As many as 48 American states, as well as the District of Columbia and Puerto Rico, opened an antitrust investigation on Monday into Google, reported Reuters. The probe was started due to allegations that the search engine giant may have indulged in anti-competitive behaviour because of its control over online markets and search traffic.

California and Alabama refused to be part of the inquiry. Other states asked Google to provide documents on its advertising business, Texas Attorney General Ken Paxton, who is heading the inquiry, said. Other attorney generals described the investigation as preliminary, and said it could be expanded to include matters such as data privacy.

Arkansas Attorney General Leslie Rutledge called Google’s search engine a “juggernaut”. He said that Google’s free search sometimes leads to lack of freedom to choose the best products from the best companies. “When a company becomes a verb, it may seem as though the states are David taking on Goliath but I am proud to stand tall with my fellow attorneys general,” Rutledge said.

“When there is no longer a free market or competition, this increases prices, even when something is marketed as free, and harms consumers,” Florida Attorney General Ashley Moody said, according to CNBC. “Is something really free if we are increasingly giving over our privacy information? Is something really free if online ad prices go up based on one company’s control?”
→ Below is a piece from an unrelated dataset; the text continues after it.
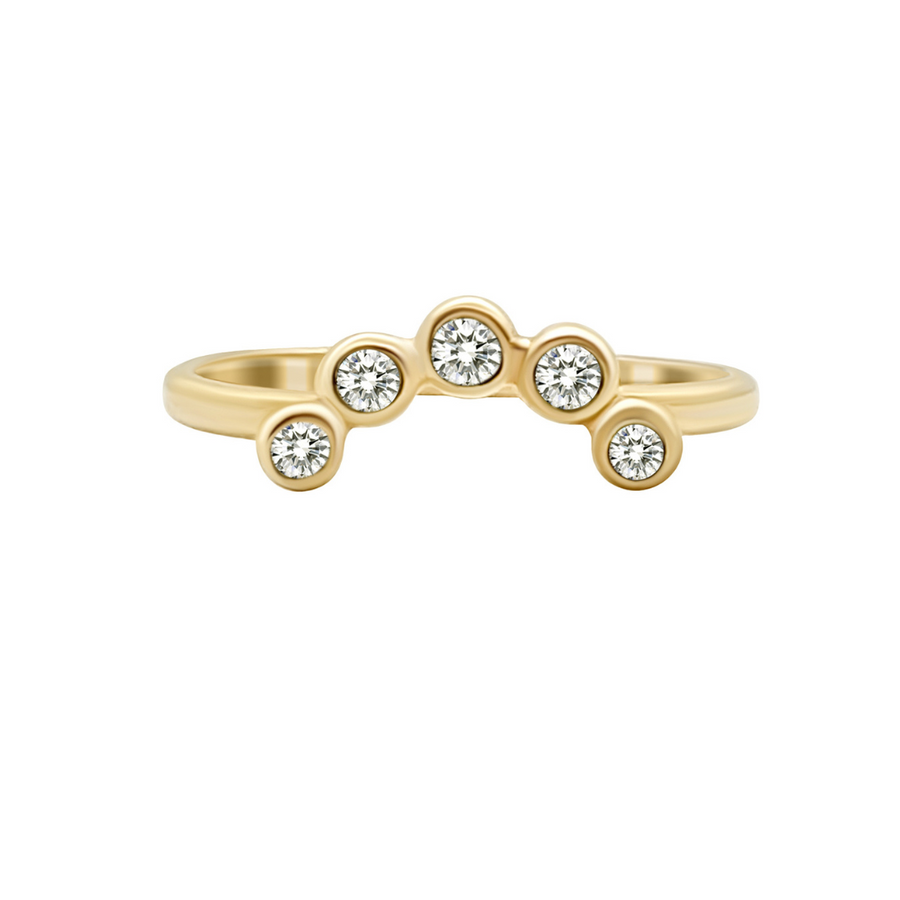 14k Gold Diamond Arch Ring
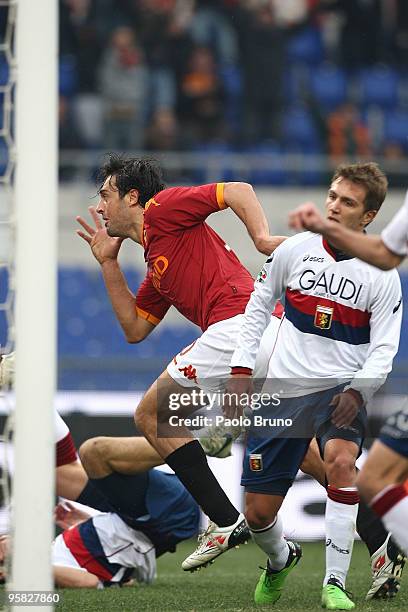 Luca Toni of AS Roma celebrates the third goal during the Serie A match between Roma and Genoa at Stadio Olimpico on January 17, 2010 in Rome, Italy.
A spokesperson for California Attorney General Xavier Becerra said the state was committed to fighting anti-competitive behaviour by companies, but declined to comment further, “to protect the integrity of potential and ongoing investigations”.

The announcement of a probe did not significantly hurt the share prices of Google’s parent company Alphabet Inc. On Monday, the company’s stock closed just $1.05 down at $1205.27 on the NASDAQ.